The pair were introduced back in the early ’90s and first collaborated on a brace of Van Morrison albums – 1994’s live set, A Night In San Francisco and ’95’s Days Like This. The following year Morrison returned the favour, guesting on James’s album Believe What I Say, running through a pair of Bobby Bland classics. Three decades on, the legendary 80-year-old Irish singer adds his voice to one of the most joyous tunes on OFF THE FENCE – a jump blues blaster entitled “Ain’t That A Trip.”
“I tried to get Van to sing one of my songs 30 years ago, but I hadn’t really written anything he fancied at the time,” recalls James. “But we were having a chin wag backstage at a gig where we were opening, and I asked him if he wanted to sing something on our next record and he said yes, so I sent him the track. Hearing him actually singing words I wrote gave me a real kick. It’s brilliant.”
The raucous party tune sits among the 12 self-penned gems that make up OFF THE FENCE, all of which are delivered with the Hunter’s customary blend of smooth vocal control coupled with heart-worn grit and wit.
Hunter’s own musical journey started 66 miles from London in Colchester, Essex, where he was born in 1962. His life-changing moment came at the age of nine when his grandmother handed him her Dansette record player and a collection of old 78s. Included in that pile of shellac was a copy of Jackie Wilson’s 1958 hook-filled hit, “Reet Petite” – a tune that musically helped transform R&B into soul. It proved equally as transformational as far as young James was concerned, providing him with a gateway to a whole new musical world that seemed a million miles away from 70s Winter of Discontent Essex.
By the time he’d reached his teens, Hunter had discovered a further set of musical heroes - Ray Charles, Dee Clark, Sam Cooke, Lowman Pauling, T-Bone Walker and Howlin’ Wolf among them. Having picked up the guitar, he left school and signed up to work on the railways in a quest to enhance his own blues cred.
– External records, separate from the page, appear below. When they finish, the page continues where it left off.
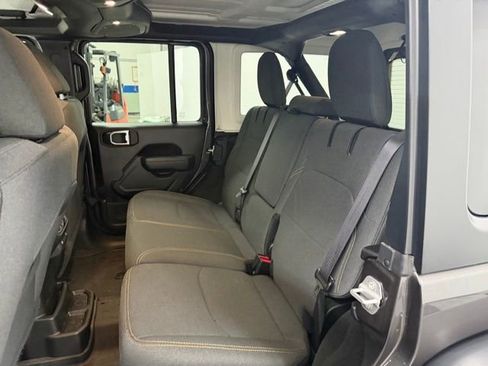 Used 2025 Jeep Wrangler Willys 4xe image 10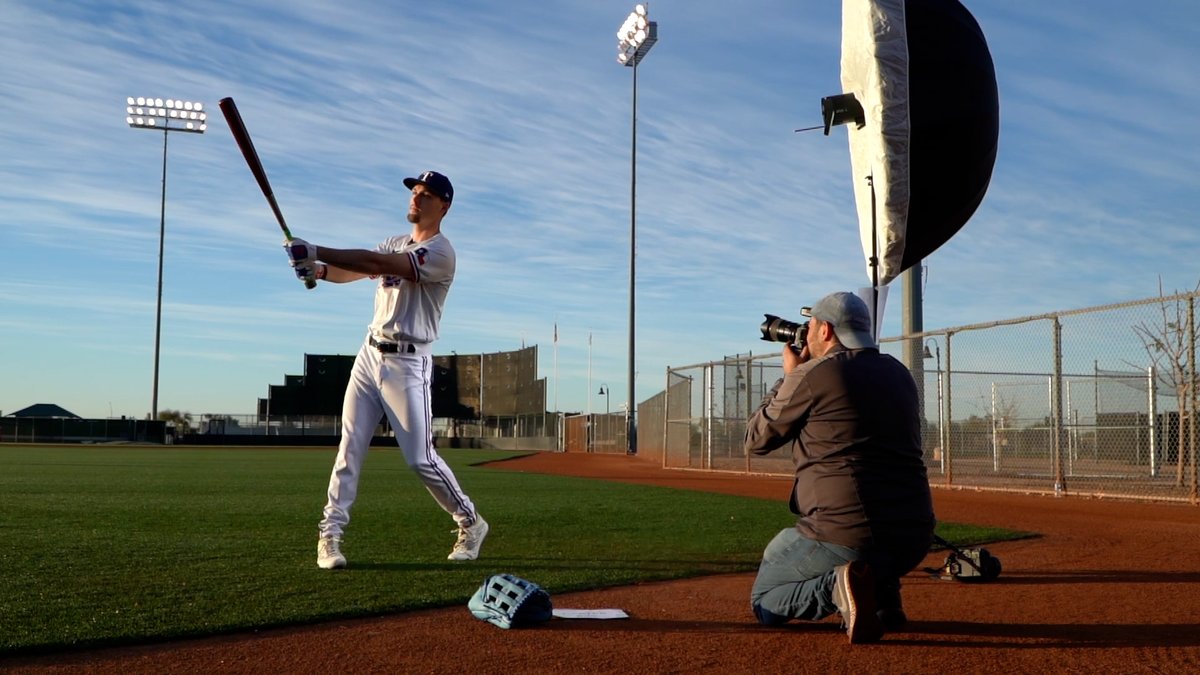 FanDuelSN_SW's tweet image. World Champion Photo Shoot

#SpringTrainging | #WentAndTookIt | @BallySports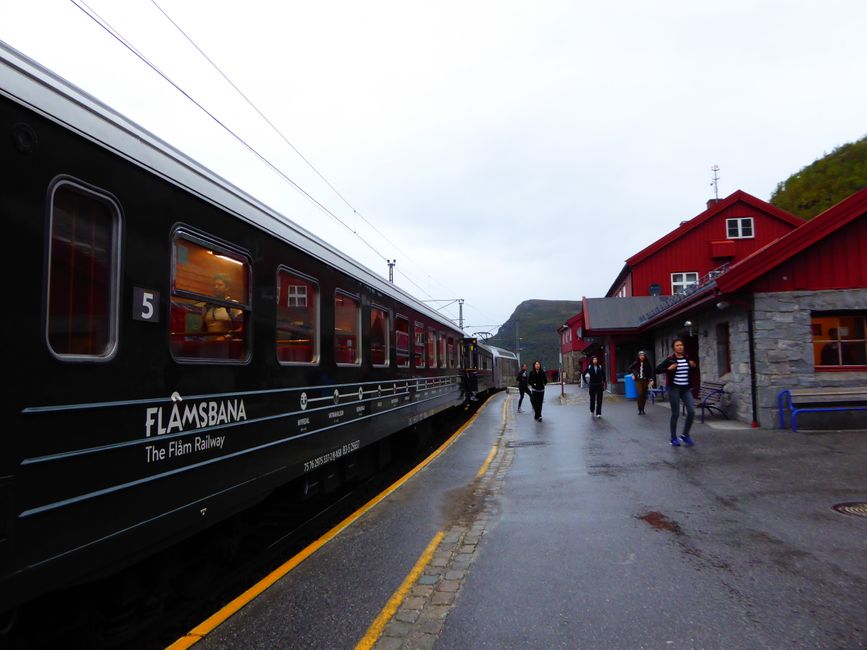Lærdalsøyri - Borgund - Aurlandsfjellet - Stegastein - Flaambahn - Flaam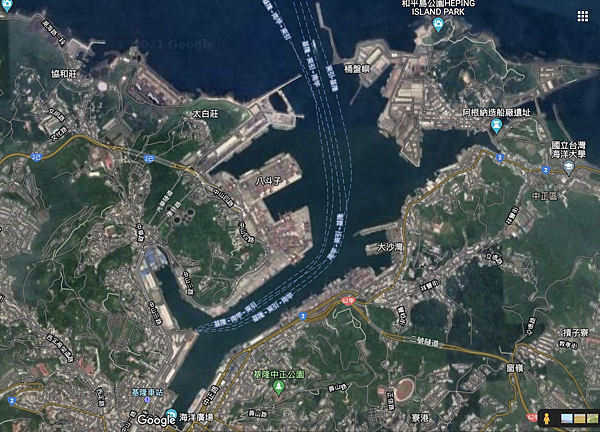 今日基隆港google地形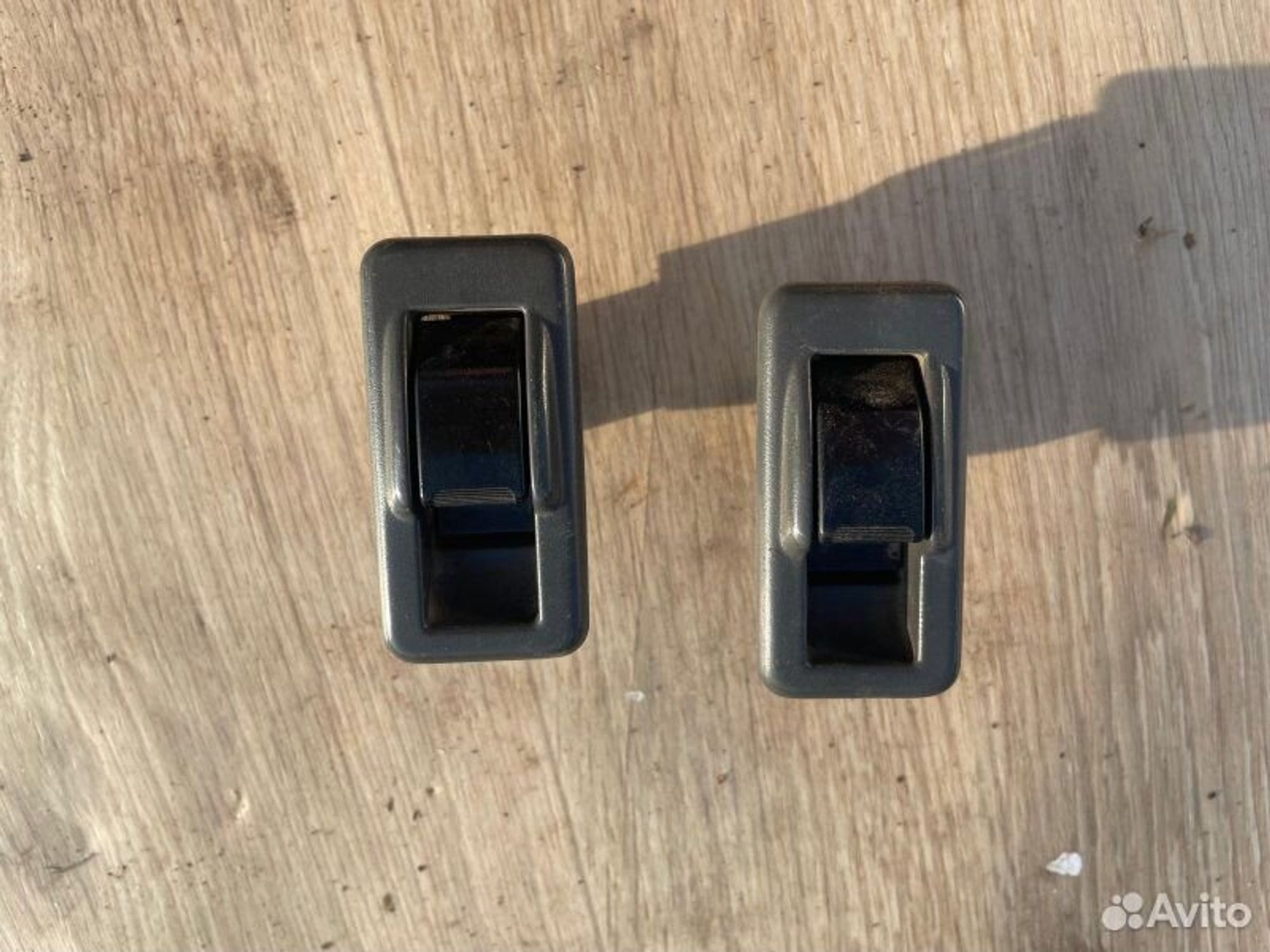 Кнопка стеклоподъемника задняя Mitsubishi Pajero, 700 рублей, Семиозерка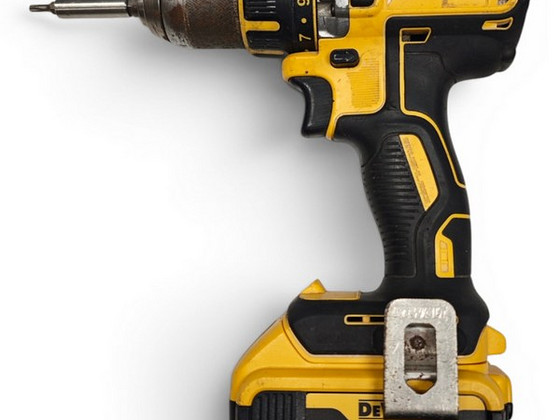 Аккумуляторная дрель Dewalt DCD790 + акку 5.0Ач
“I thought that's the perfect background, and I picked it for that. At the age of 17, I thought, yeah, that's like a Muddy Waters back story. But if I'd passed all my courses and paid attention when they sent me to West Ham College, then my songs would all be about being a senior rail technician and the picturesque aspect may have been slightly lost," he laughs.
Armed with his self-deprecating sense of humour, Hunter admits that British Rail’s loss was music’s gain. Heading to London, he gravitated to Camden Town where clubs like Dingwalls and record shops like Rock On provided a safe haven for those unenamoured with modern day pop music. The latter shop was run by Ted Carroll who had also set up Ace Records – the pre-eminent label for soul, rockabilly, rock’n’roll and R&B reissues in the UK. The bequiffed Hunter fitted in perfectly on the Ace roster.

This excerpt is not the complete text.